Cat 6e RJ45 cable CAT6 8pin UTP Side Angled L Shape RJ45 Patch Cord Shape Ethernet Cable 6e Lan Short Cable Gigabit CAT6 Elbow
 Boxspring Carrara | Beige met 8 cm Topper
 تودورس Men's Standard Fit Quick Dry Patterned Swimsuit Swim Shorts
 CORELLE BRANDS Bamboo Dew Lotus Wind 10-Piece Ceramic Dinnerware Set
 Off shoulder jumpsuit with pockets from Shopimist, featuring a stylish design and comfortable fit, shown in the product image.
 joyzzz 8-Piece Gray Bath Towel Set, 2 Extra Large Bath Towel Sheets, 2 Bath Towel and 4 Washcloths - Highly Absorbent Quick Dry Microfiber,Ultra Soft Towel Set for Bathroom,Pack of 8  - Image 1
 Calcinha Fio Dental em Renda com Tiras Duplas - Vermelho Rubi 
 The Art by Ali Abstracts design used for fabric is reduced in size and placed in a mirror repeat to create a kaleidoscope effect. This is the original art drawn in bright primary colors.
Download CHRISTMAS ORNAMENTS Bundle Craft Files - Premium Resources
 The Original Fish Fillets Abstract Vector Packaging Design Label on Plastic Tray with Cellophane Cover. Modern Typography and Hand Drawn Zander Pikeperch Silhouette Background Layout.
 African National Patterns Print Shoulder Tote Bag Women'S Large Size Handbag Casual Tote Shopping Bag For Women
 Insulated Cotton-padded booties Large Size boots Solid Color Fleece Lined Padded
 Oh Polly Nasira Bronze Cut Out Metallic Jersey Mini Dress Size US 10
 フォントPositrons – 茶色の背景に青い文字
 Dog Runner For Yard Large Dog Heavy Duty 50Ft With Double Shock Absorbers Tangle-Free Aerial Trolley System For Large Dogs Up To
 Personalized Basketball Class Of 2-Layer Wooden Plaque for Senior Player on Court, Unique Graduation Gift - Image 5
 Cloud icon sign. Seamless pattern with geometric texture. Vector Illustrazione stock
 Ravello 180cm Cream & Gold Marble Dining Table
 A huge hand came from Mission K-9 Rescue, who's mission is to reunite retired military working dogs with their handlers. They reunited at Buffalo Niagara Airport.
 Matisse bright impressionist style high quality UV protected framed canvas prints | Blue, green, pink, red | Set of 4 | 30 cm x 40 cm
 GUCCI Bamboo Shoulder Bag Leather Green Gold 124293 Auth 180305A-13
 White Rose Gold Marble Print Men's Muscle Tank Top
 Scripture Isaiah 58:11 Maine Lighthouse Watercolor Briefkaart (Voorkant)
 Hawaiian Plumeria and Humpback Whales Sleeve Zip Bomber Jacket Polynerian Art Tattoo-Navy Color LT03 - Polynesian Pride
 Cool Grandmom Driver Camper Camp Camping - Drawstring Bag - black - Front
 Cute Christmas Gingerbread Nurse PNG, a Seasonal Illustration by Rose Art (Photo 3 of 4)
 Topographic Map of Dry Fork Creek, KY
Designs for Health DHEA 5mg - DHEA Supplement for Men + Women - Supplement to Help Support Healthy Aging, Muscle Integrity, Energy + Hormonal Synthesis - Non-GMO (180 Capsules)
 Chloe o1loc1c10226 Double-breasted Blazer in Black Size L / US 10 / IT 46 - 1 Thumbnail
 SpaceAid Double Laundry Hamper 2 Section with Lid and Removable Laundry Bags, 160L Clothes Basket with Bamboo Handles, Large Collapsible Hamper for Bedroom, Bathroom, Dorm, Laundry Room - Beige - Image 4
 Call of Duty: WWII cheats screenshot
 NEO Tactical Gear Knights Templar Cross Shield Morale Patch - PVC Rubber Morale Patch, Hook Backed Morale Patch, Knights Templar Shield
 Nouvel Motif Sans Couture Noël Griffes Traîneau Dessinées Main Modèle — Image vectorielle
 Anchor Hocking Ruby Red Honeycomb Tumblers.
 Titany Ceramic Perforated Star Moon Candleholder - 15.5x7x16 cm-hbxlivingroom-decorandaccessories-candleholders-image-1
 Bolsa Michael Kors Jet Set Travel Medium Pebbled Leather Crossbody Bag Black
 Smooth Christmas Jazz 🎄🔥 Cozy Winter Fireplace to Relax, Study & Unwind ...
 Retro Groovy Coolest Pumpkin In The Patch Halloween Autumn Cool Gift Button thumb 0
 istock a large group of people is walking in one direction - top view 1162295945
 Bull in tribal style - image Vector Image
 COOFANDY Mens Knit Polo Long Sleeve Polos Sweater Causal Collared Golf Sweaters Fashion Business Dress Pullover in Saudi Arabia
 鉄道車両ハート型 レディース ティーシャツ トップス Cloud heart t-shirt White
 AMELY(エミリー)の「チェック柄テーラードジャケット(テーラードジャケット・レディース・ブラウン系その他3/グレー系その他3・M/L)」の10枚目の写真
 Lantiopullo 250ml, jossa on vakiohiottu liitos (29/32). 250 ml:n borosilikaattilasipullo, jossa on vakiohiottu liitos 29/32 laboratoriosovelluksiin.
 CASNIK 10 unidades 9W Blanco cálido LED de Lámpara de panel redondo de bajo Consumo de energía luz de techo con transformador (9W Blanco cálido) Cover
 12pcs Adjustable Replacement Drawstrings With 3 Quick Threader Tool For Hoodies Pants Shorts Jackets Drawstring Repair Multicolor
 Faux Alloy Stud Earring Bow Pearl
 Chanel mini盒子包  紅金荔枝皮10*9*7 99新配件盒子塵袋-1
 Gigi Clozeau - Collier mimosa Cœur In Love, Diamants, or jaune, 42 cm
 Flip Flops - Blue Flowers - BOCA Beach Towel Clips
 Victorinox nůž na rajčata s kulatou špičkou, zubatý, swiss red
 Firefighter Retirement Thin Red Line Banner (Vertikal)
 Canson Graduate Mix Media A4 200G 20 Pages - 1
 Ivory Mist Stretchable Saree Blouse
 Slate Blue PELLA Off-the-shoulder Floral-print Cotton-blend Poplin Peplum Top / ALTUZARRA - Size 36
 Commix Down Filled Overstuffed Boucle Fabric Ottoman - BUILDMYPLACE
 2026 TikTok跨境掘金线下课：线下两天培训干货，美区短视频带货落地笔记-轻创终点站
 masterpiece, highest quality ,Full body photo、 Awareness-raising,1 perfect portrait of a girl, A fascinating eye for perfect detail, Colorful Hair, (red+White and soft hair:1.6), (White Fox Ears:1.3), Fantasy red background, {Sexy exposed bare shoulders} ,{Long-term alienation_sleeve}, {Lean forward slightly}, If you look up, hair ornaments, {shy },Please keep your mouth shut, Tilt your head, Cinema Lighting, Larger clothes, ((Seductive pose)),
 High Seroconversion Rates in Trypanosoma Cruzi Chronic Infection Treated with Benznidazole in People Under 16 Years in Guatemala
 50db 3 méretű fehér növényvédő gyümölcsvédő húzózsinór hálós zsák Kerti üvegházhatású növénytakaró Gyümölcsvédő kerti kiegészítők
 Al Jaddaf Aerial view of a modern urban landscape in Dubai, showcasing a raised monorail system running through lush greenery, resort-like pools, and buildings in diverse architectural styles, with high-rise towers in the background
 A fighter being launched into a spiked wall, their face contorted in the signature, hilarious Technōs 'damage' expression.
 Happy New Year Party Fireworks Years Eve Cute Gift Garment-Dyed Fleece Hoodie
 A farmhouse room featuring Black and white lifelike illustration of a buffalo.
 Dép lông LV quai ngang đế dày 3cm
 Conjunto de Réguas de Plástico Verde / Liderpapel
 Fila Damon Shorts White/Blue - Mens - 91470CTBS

▬▬▬

What the exercise asks: Only one part of the material above is to be transcribed, namely the lines starting with the line that has "Smooth Christmas Jazz" and going on through the line that has "masterpiece, highest quality", exactly as they stand.

The answer:
 Smooth Christmas Jazz 🎄🔥 Cozy Winter Fireplace to Relax, Study & Unwind ...
 Retro Groovy Coolest Pumpkin In The Patch Halloween Autumn Cool Gift Button thumb 0
 istock a large group of people is walking in one direction - top view 1162295945
 Bull in tribal style - image Vector Image
 COOFANDY Mens Knit Polo Long Sleeve Polos Sweater Causal Collared Golf Sweaters Fashion Business Dress Pullover in Saudi Arabia
 鉄道車両ハート型 レディース ティーシャツ トップス Cloud heart t-shirt White
 AMELY(エミリー)の「チェック柄テーラードジャケット(テーラードジャケット・レディース・ブラウン系その他3/グレー系その他3・M/L)」の10枚目の写真
 Lantiopullo 250ml, jossa on vakiohiottu liitos (29/32). 250 ml:n borosilikaattilasipullo, jossa on vakiohiottu liitos 29/32 laboratoriosovelluksiin.
 CASNIK 10 unidades 9W Blanco cálido LED de Lámpara de panel redondo de bajo Consumo de energía luz de techo con transformador (9W Blanco cálido) Cover
 12pcs Adjustable Replacement Drawstrings With 3 Quick Threader Tool For Hoodies Pants Shorts Jackets Drawstring Repair Multicolor
 Faux Alloy Stud Earring Bow Pearl
 Chanel mini盒子包  紅金荔枝皮10*9*7 99新配件盒子塵袋-1
 Gigi Clozeau - Collier mimosa Cœur In Love, Diamants, or jaune, 42 cm
 Flip Flops - Blue Flowers - BOCA Beach Towel Clips
 Victorinox nůž na rajčata s kulatou špičkou, zubatý, swiss red
 Firefighter Retirement Thin Red Line Banner (Vertikal)
 Canson Graduate Mix Media A4 200G 20 Pages - 1
 Ivory Mist Stretchable Saree Blouse
 Slate Blue PELLA Off-the-shoulder Floral-print Cotton-blend Poplin Peplum Top / ALTUZARRA - Size 36
 Commix Down Filled Overstuffed Boucle Fabric Ottoman - BUILDMYPLACE
 2026 TikTok跨境掘金线下课：线下两天培训干货，美区短视频带货落地笔记-轻创终点站
 masterpiece, highest quality ,Full body photo、 Awareness-raising,1 perfect portrait of a girl, A fascinating eye for perfect detail, Colorful Hair, (red+White and soft hair:1.6), (White Fox Ears:1.3), Fantasy red background, {Sexy exposed bare shoulders} ,{Long-term alienation_sleeve}, {Lean forward slightly}, If you look up, hair ornaments, {shy },Please keep your mouth shut, Tilt your head, Cinema Lighting, Larger clothes, ((Seductive pose)),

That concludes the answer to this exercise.